ICL: Indian Cricket League

Muralitharan does not throw: top ICC official


MuralitharanResearch has shown that controversial Sri Lankan off-spinner Muttiah Muralitharan, the all-time second highest wicket taker, does not throw as is widely perceived, says a top International Cricket Council (ICC) official.

‘People can’t understand that Muralitharan is less than 15 degrees. And we can’t ignore that research,’ said ICC general manager (cricket) Dave Richardson.

Richardson, a former South Africa Test wicket-keeper, was referring to the 15 degrees level of tolerance for bowlers who straighten/bend their arm while bowling.

‘What happens with Muralitharan, though, is that if you run up to bowl and if you keep your arm bent and bowl, it will look like he is throwing. But you haven’t straightened your arm even one degree,’ Richardson told IANS here.

‘Now, the law permits you to do that. It only says that you can’t straighten it. He is not straightening his arm more than a whole host of international bowlers, but looks bad because he starts with a bent arm.’

Muralitharan has been called for throwing a few times in his illustrious over 13-year career. But he has every time returned to fox batsmen with his prodigious turn, especially the ‘doosra’, a delivery that spins away from a right-hander. It is his ‘doosra’ that is often looked at with suspicion.

The Sri Lankan has so far captured 611 wickets in 103 Tests, 74 wickets less than the tally of all-time leader Australian Shane Warne, who has played 140 Tests.

Richardson, the first Test player to be employed by ICC, said there was a common misconception that the 15 degrees rule was introduced for the bowlers who throw.

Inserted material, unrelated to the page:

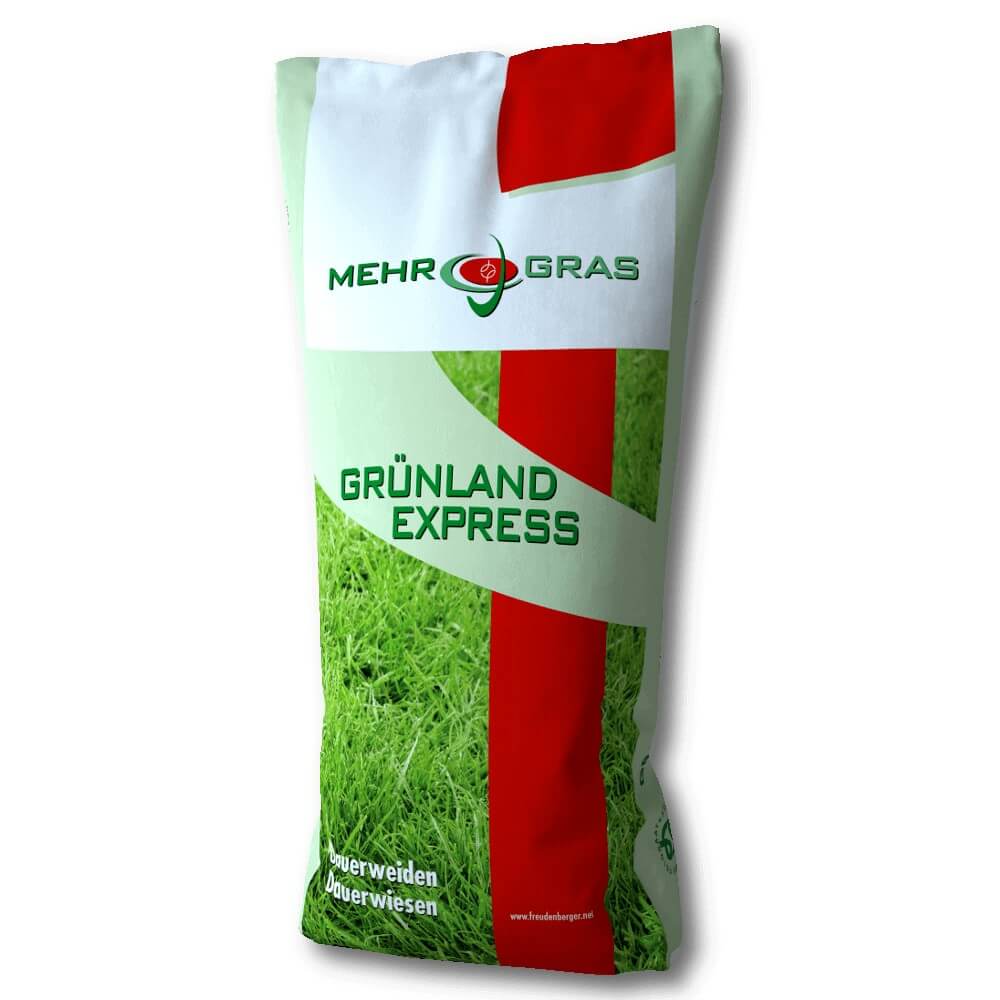 MehrGras NS U Grünland Nachsaat 20 kg Nachsaatmischungen Dauergrünland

‘It was introduced simply because 99 percent of bowlers… their arms don’t stay 100 percent straight. There will be a degree of extension,’ he said referring to the research on which ICC relies.

‘It will be nonsensical to ban (Glenn) McGrath, (Allan) Donald, (Andrew) Flintoff … ban 99 percent of world’s bowlers because the arm is not a metal rod, it moves a little bit. So, that’s why the 15 degrees is there.’

He continued: ‘And it’s 15 degrees because any movement below 15 degrees can never be seen with the naked eye.’

Currently, on-field umpires and match referees can report a bowler to ICC and then the bowler undergoes a double check at one of the four labs around the world.

Richardson, who played 42 Tests and 122 one-day internationals, said that he did not foresee any wholesale changes in the procedure for reporting bowlers who come under throwing rules.

‘It’s the best process that we have given the existing technology that’s available to us. Ideally, we would love that we were able to test a bowler in a match condition. But we know we can’t reliably do so at the moment,’ he said.